Abstract
Selinexor is a first-in-class, central nervous system (CNS)–penetrant, oral inhibitor of exportin 1 (XPO1), the main nuclear exporter of many key tumor suppressors. We report a phase I trial of selinexor in children and adolescents with recurrent CNS and solid tumors (NCT02323880).
A rolling six design was used to evaluate the maximum tolerated dose (MTD) and first dose pharmacokinetics of selinexor administered once (35–45 mg/m2) or twice (20–35 mg/m2) weekly during a 28-day cycle (part A). Ten additional patients with high-grade glioma (HGG) were treated at the MTD administered once weekly (part B).

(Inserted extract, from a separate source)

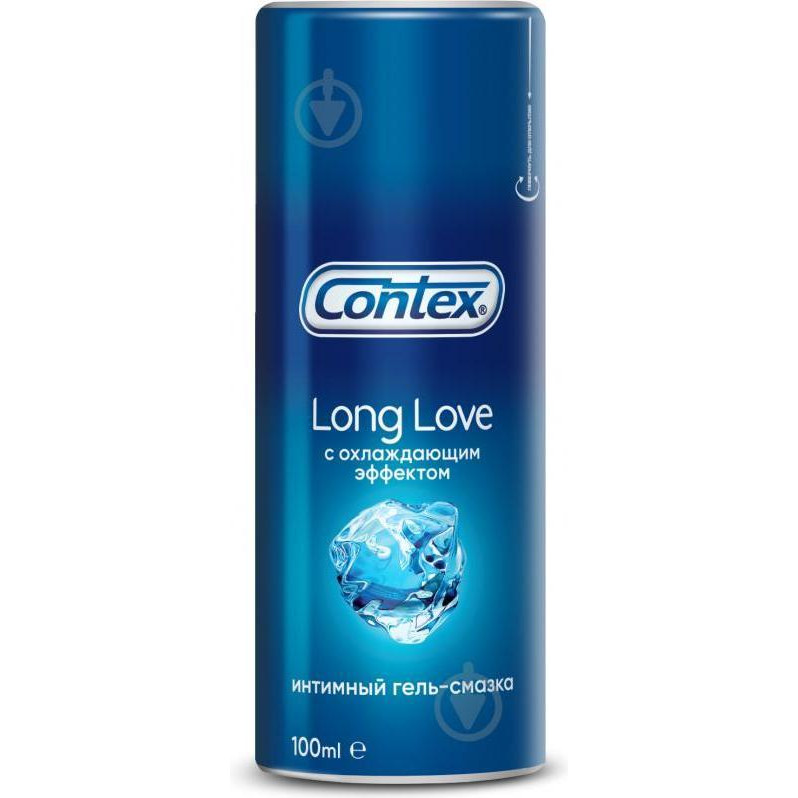 Contex Long Love 100мл - зображення 1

In part A, 49 patients were enrolled. Continuous twice weekly dosing was limited by extended hematologic toxicity. The MTD on a twice weekly schedule for 3 weeks on/1 week off (twice weekly 3/1) was 20 mg/m2/dose. Dose-limiting toxicities (DLTs) on this schedule included fatigue, acute reversible neurologic changes, neutropenia, thrombocytopenia, and aspartate aminotransferase/alanine aminotransferase increase. On a continuous once weekly schedule, the MTD was 35 mg/m2/dose; DLTs included seizure and thrombocytopenia. In part B (HGG expansion), there were no additional DLTs observed. Non-DLTs included lymphopenia, leukopenia, neutropenia, thrombocytopenia, anorexia, fatigue, hypophosphatemia, nausea, and vomiting. There were no objective responses. The median number of cycles received was 1 (range, 1–9); eight of 59 patients (13.5%) received 5 to 9 cycles, five of whom had HGG.
Selinexor-related toxicities were primarily hematologic and neurologic, requiring dose or dose-frequency reduction. The MTD and recommended initial phase II dose of selinexor in children and adolescents with recurrent solid and CNS tumors is 35 mg/m2/dose once weekly.